Ruff'n'Tumble Save State used in this tutorial
Part 1: Tile Ripping
Load Maptapper and select Open from the File menu. Open the Ruff'n'Tumble_Level1-1.uss file.
The save-state was created in WinUAE by collecting a couple of objects on the first screen, destroying all the baddies, then moving to the far left to have a clean screen. A screenshot was also created and that will be used later to match the tiles.
Maptapper will open the WinUAE savestate, decompress it (if required), copy the ECS colour palette, select a default 16x16 tiles and position the tile ripper at address $0:
Start pressing the Page Down button on your keyboard. We're hunting for anything resembling graphics. Address $20800 looks interesting:
Horizontal bands through the graphics are a good indicator that you are in the wrong mode. It looks like this game uses ILBM tiles instead of ACBM. Press M to switch modes and increase the bitplane count to 5 by pressing the E key 4 times. You will start to see some tiles appear:
The tiles are not quite aligned correctly, so do some fine adjustments by pressing the Right Arrow key. Notice that in ILBM mode, the colour palette changes (and wraps) every 5 arrow key presses. This is because you are operating in 5 bitplane mode.
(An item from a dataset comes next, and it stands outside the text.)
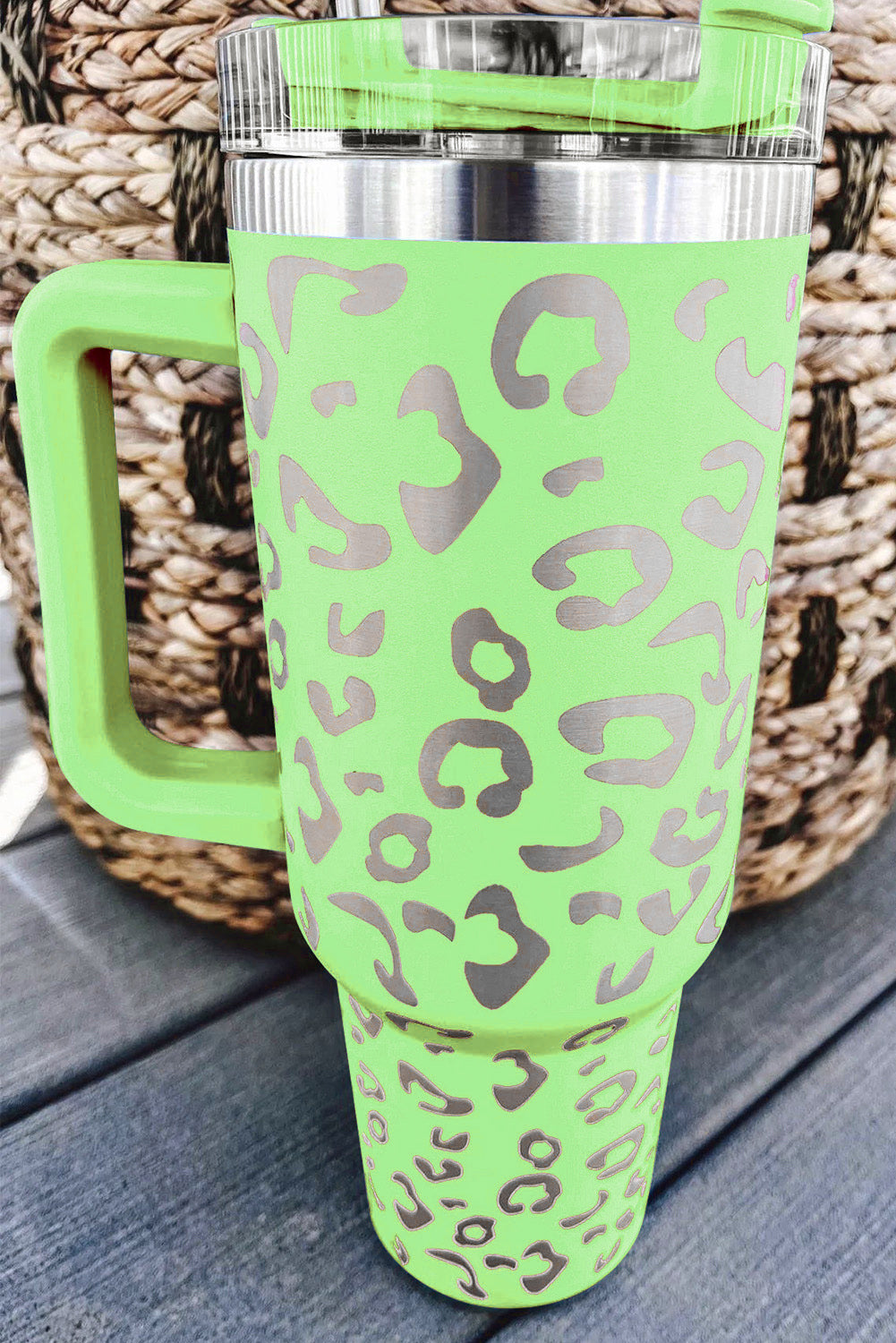 Green Leopard Spotted 304 Stainless Double Insulated Cup 40oz Tumblers JT's Designer Fashion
Once you get to address $2083a, the tile graphics look correct, but the colour palette is wrong:
Press the Copperlist button to trace the active copperlist rather than using the colour entries in the WinUAE save state. Hoorah! The tiles now appear, and don't they look awesome? Robin Levy did a magnificent job on them!
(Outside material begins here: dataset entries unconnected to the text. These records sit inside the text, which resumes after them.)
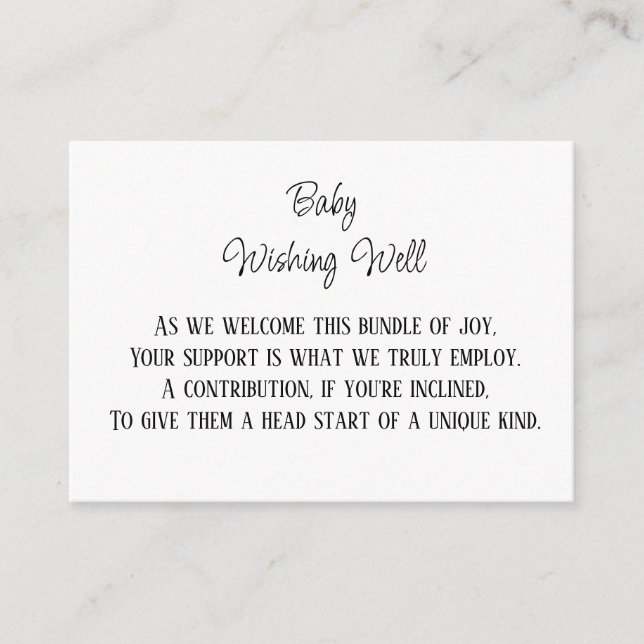 Minimalist Baby Wishing Well Monetary Contribution Enclosure Card (Front)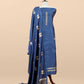 Midnight Blue Handloom Silk Unstitched Suit Fabric With Kadwa Weaving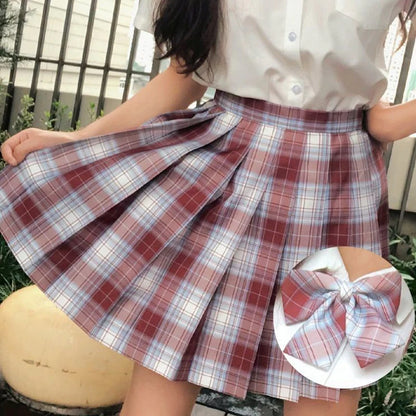 JMPRS Plaid Women Pleated Skirt Bow Knot Summer High Waist Preppy Girls Dance Mini Skirt Cute A Line Harajuku Sexy Japan Faldas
Now you need to find the first tile. Let's guess that the first completely black tile is the start of the tiles, so press Shift and Right Arrow until the tile appears in the top left corner.
The current rip width has defaulted to 320 x 256, but there may be a lot more tiles in the tileset, so increase the width and/or height that you are ripping by using the T/G and Y/H keys. It will make your life easier if you make the tile width an even multiple of 256 pixels, as this is 16 tiles across (or $10 in hexadecimal). I have chosen a rip width of 512 pixels in this case, or 32 tiles across ($20 in hex). These numbers will help you later when dealing with masks!
Part 2: Map Ripping
Now you have all the tiles, we need to locate the map. You could manually adjust settings looking for the map, but it's far easier to use the built-in tools. Click on the Map Search tab:
Now you need to load a screenshot from the game. Click the ... button and select the file Ruff'n'Tumble_Level1-1.png.
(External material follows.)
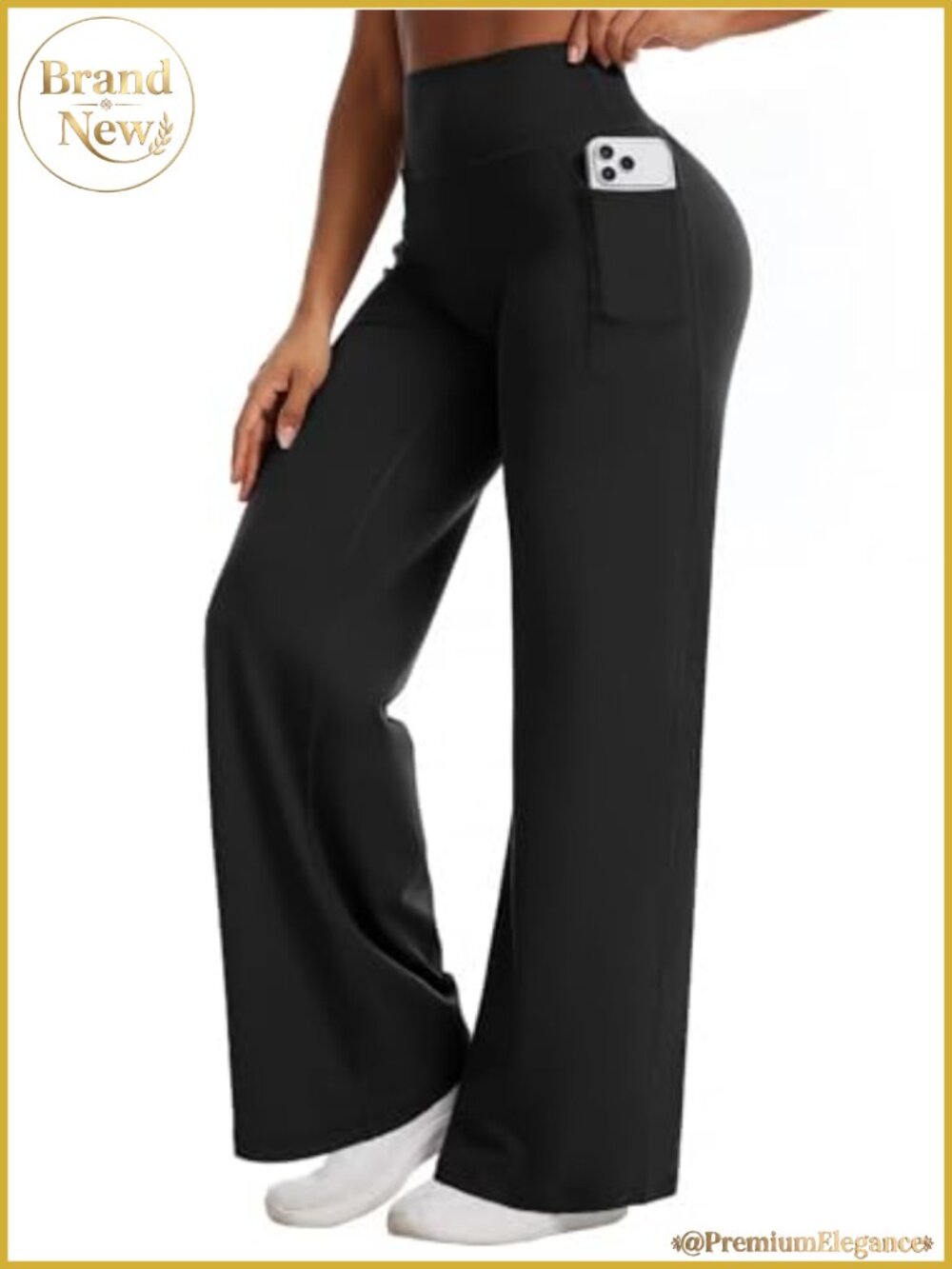 Straight Leg Wide Leg Yoga Pants High Rise Tummy Control Side Pockets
At this stage it is best to check the palette matches nicely, so click the Replace colours that do not match the tile palette button (which is mainly purple with a magic wand on it). The status bar at the top of the screen will change to purple, indicating some kind of copperlist tricks are changing the palette for that section.
Click inside the selection and drag it over the top left corner of the tree in the middle of the screen, then expand it out as shown:
Press the Match Tiles button and wait a few seconds. If everything goes to plan, Maptapper will locate the tiles, re-align your selection perfectly and display all the tile indexes:
Now you have the tile indexes for that area, press the Search for Map button to automatically search the memory dump for a map:
Now this is interesting. Maptapper has found 3 possible matches, one with a width of 25 tiles, and 2 matches with a width of 130 tiles.
When you see a particularly small width, it is often a screen buffer that contains just enough tiles to display a screen, plus a few extras around the edges. The other common possibility is that the game uses smaller tiles to make larger blocks.
Switch to the Map Ripper and select the first choice from the match list at $e5ce4. You will see that this is not the entire level:
Now try the next match at $e9a7e. This one looks much better:
Finally, check the 3rd match at $f2130. This one is almost identical to the previous one, but if you look closely, you will see that the final map has a few of the collectable items missing. The most logical explanation is that the game stores a large map in memory of each level complete with bonus objects, and a second duplicate map is altered by replacing tiles when objects are collected.
It's up to you which map you wish to use. If you want to rip the level with all objects on it, the second match will be just what you need.
Select the second map and locate the top left corner using the arrow keys. Adjust the height using the W and S keys. The map appears to be 24 tiles high:
At this point, you can save the entire level as a PNG by pressing the Save Map button and you are done. Or are you?
Part 3: Replacement tiles
Anyone familiar with the game will know that there are generators that spawn baddies. Perhaps you would like to show the deactivated generators on the map instead?
Hover the mouse over the left generator tile in the map, and notice the status bar at the bottom of the screen. It says:
Map: $EA342: (94, 14) = $8414 = tile 20 ($14)
This is showing that the mouse is over address $ea342 in memory, which is co-ordinate (94, 14). The value in memory is $8414, and when combined with the shift value (0) and mask ($3ff), the output tile is 20 (or $14 in hexadecimal).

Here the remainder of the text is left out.